Document Processing with Visitor Generator
This example demonstrates how to use the Visitor Pattern Generator to build a comprehensive document processing pipeline. The scenario showcases common operations found in content management systems, document automation platforms, and legal tech applications.
Scenario
We need to process various document types (PDF, Word, Excel, Markdown) through multiple stages:
- Validation - Check if documents meet requirements (sync result visitor)
- Metadata Extraction - Extract and log document properties (sync action visitor)
- Content Indexing - Index documents for search (async result visitor)

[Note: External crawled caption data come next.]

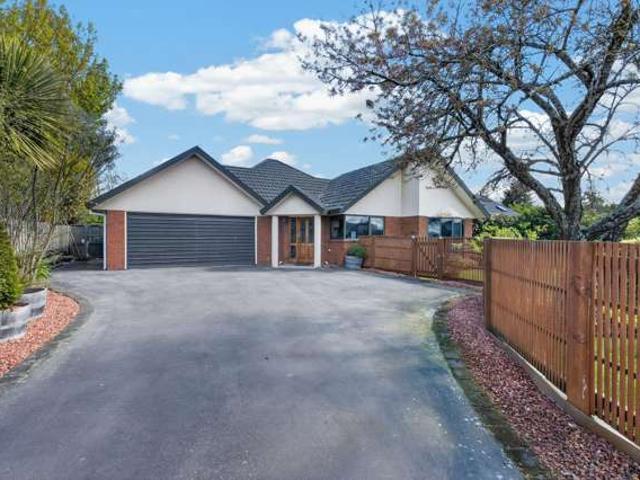 House for sale in Charing Cross, Canterbury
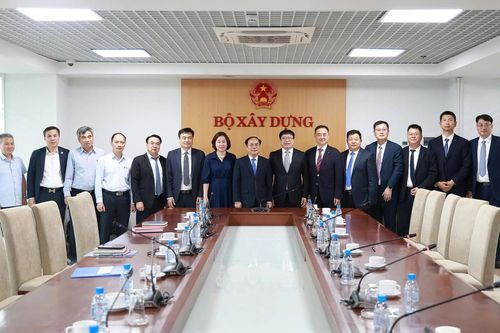 Thứ trưởng Nguyễn Văn Sinh: Thúc đẩy chuyển giao công nghệ ngành vật liệu xây dựng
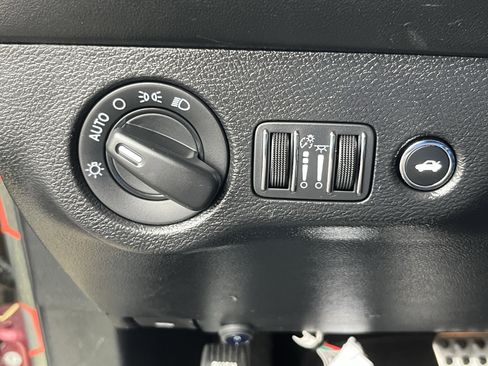 Used 2021 Dodge Challenger R/T Scat Pack image 23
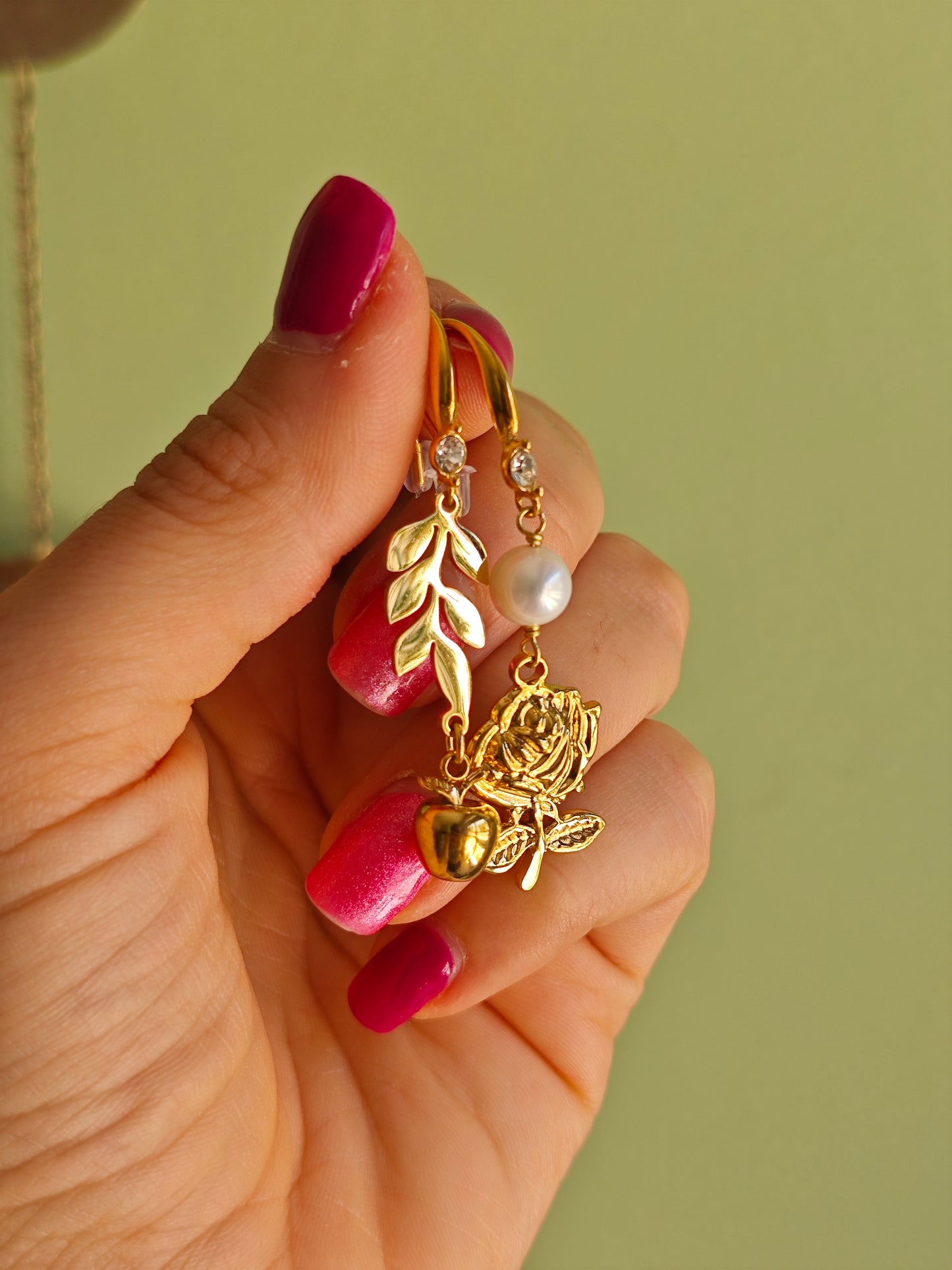 Orecchini Odissea "Ἑλένη" (Elena) con rosa, ramo e mela d'oro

- Security Scanning - Scan for security issues (async action visitor)
- Complex Pipelines - Combine multiple visitors in workflows
Document Model
First, define the document hierarchy with the [GenerateVisitor] attribute:
using PatternKit.Generators;
[GenerateVisitor]
public partial class Document
{
public string Id { get; init; } = string.Empty;
public string FileName { get; init; } = string.Empty;
public long SizeBytes { get; init; }
}
public partial class PdfDocument : Document
{
public int PageCount { get; init; }
public bool IsEncrypted { get; init; }
}
public partial class WordDocument : Document
{
public int WordCount { get; init; }
public bool HasMacros { get; init; }
}
public partial class SpreadsheetDocument : Document
{
public int SheetCount { get; init; }
public bool HasFormulas { get; init; }
}
public partial class MarkdownDocument : Document
{
public int LineCount { get; init; }
public bool HasCodeBlocks { get; init; }
}
The generator automatically creates visitor interfaces and Accept methods for all types.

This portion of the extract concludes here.